## Exercise inputs

^^^^^^^^

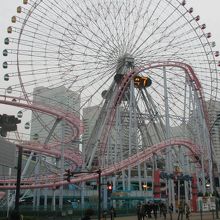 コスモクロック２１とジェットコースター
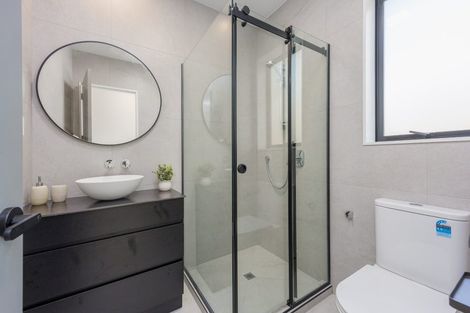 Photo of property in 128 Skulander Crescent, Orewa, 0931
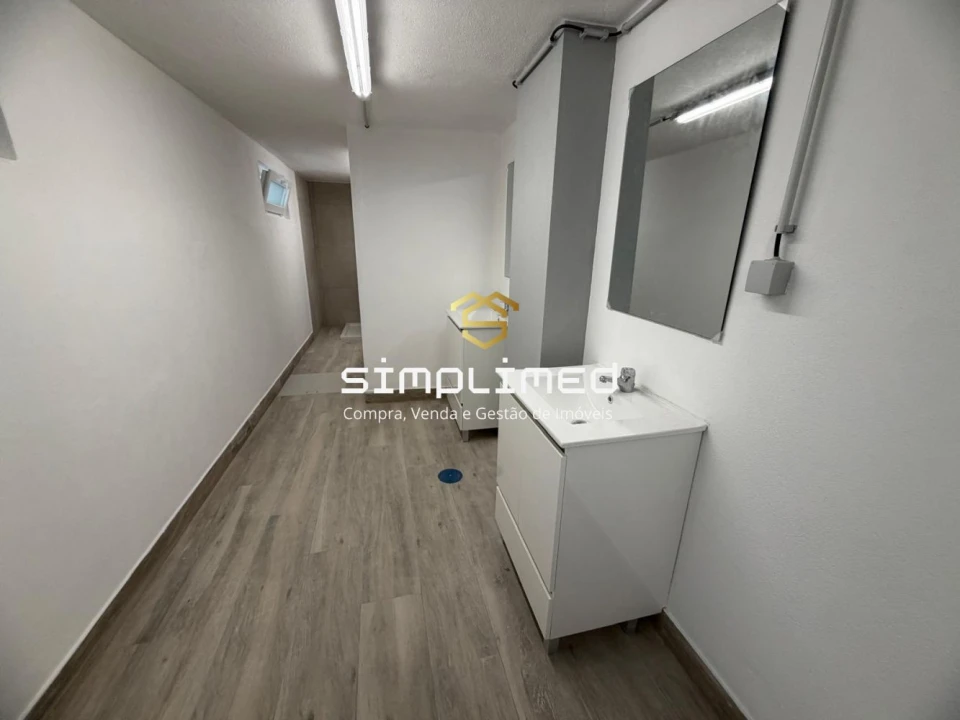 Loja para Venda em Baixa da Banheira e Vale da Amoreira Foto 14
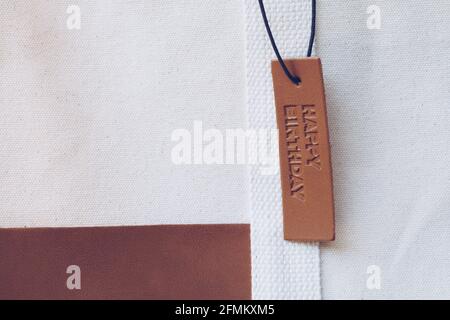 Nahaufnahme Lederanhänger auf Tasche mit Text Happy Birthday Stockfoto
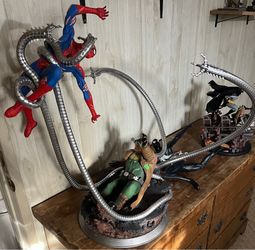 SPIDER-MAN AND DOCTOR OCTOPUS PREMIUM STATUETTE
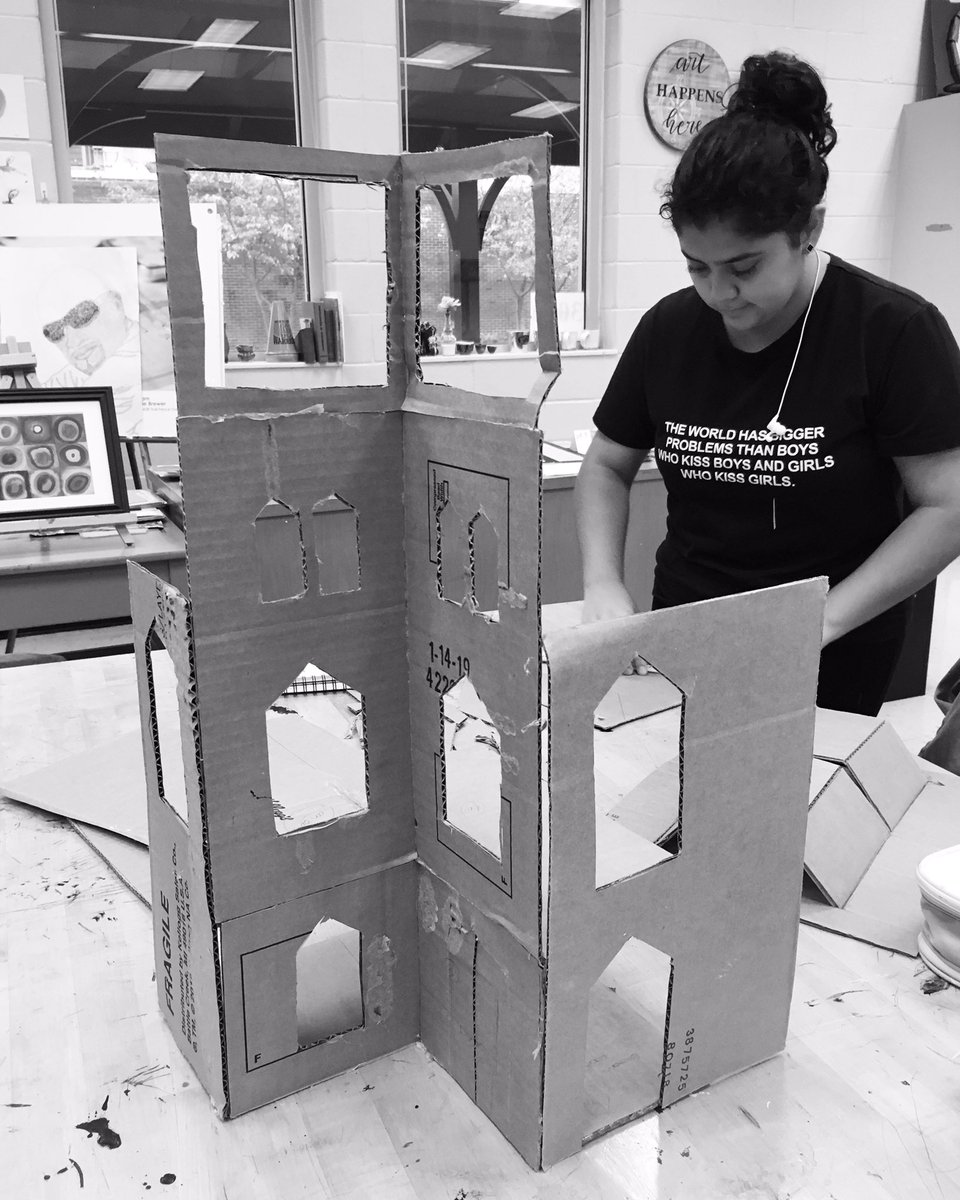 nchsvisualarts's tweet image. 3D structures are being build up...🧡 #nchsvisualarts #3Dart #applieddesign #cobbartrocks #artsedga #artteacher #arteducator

^^^^^^^^

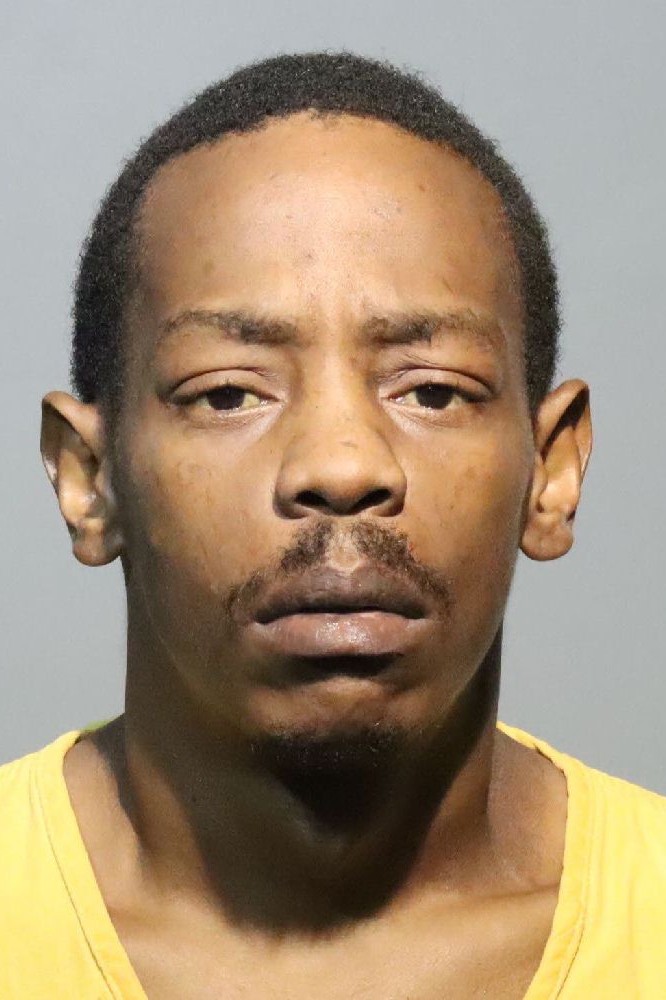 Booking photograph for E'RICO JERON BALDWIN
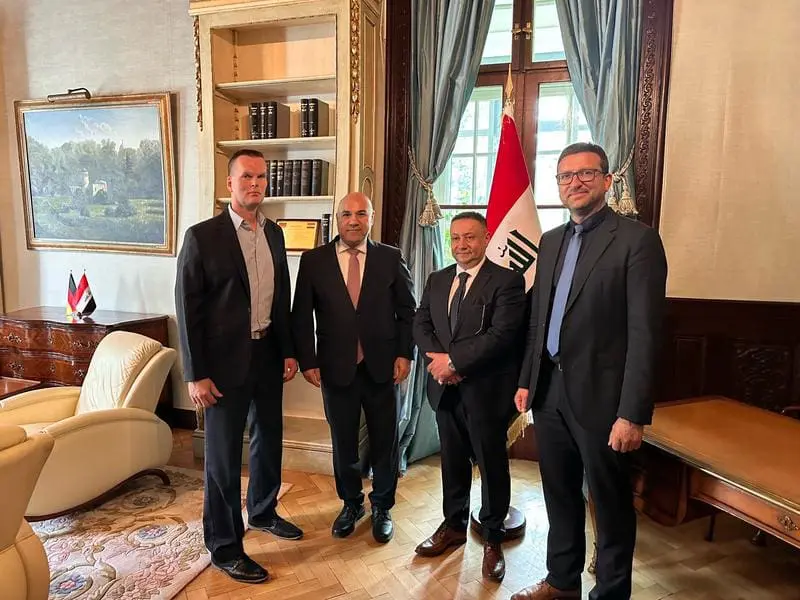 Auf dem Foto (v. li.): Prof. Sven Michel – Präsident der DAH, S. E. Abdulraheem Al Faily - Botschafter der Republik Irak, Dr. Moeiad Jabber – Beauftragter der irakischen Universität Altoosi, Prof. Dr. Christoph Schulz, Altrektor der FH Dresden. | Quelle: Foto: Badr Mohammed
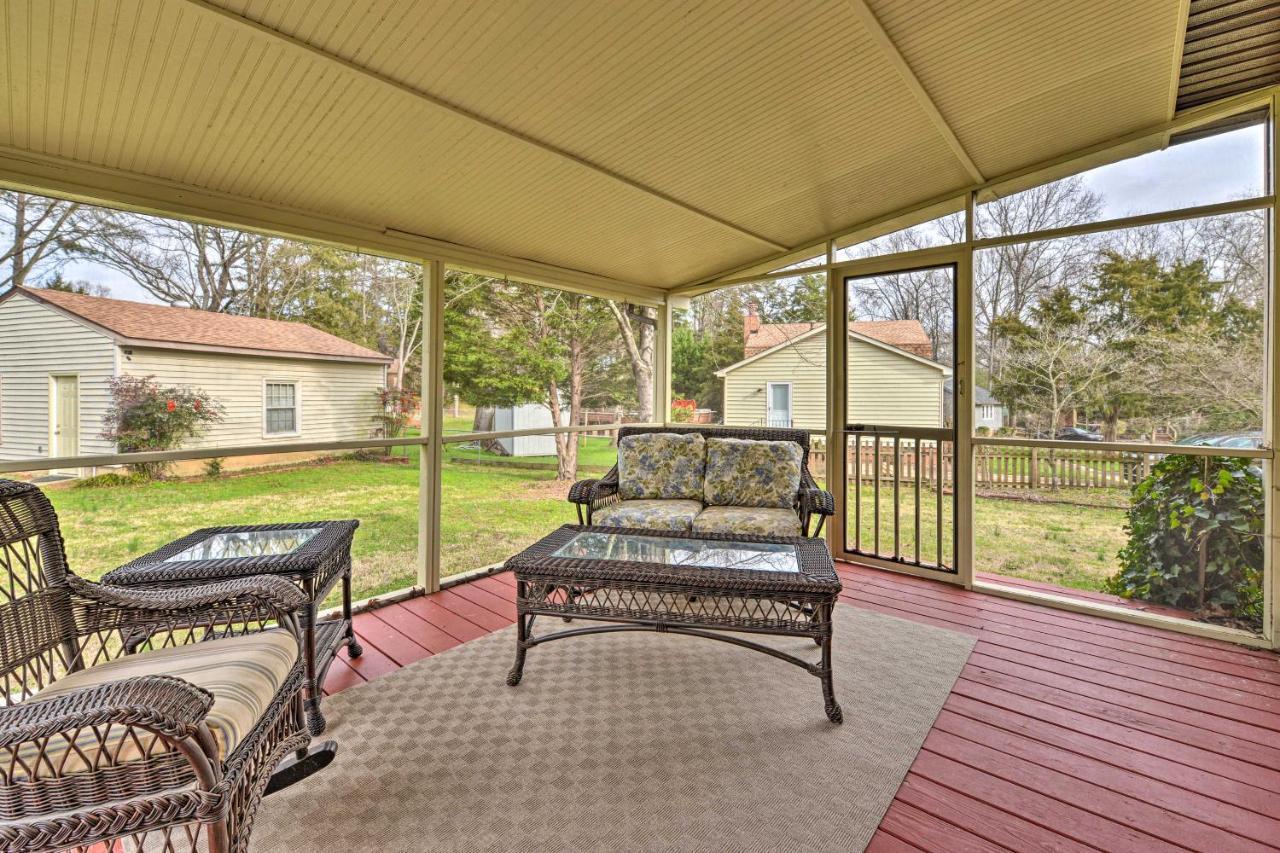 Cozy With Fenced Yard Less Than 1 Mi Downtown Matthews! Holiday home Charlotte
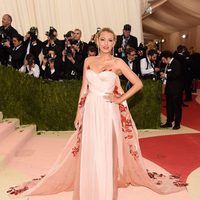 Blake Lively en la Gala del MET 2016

^^^^^^^^

## Exercise requirements
Copy exactly the lines of the listing above between the one holding "Loja para Venda" and the one holding "nchsvisualarts's tweet image.", inclusive; omit all pictures.

## Solution for this problem
 Loja para Venda em Baixa da Banheira e Vale da Amoreira Foto 14
 Nahaufnahme Lederanhänger auf Tasche mit Text Happy Birthday Stockfoto
 SPIDER-MAN AND DOCTOR OCTOPUS PREMIUM STATUETTE
 nchsvisualarts's tweet image. 3D structures are being build up...🧡 #nchsvisualarts #3Dart #applieddesign #cobbartrocks #artsedga #artteacher #arteducator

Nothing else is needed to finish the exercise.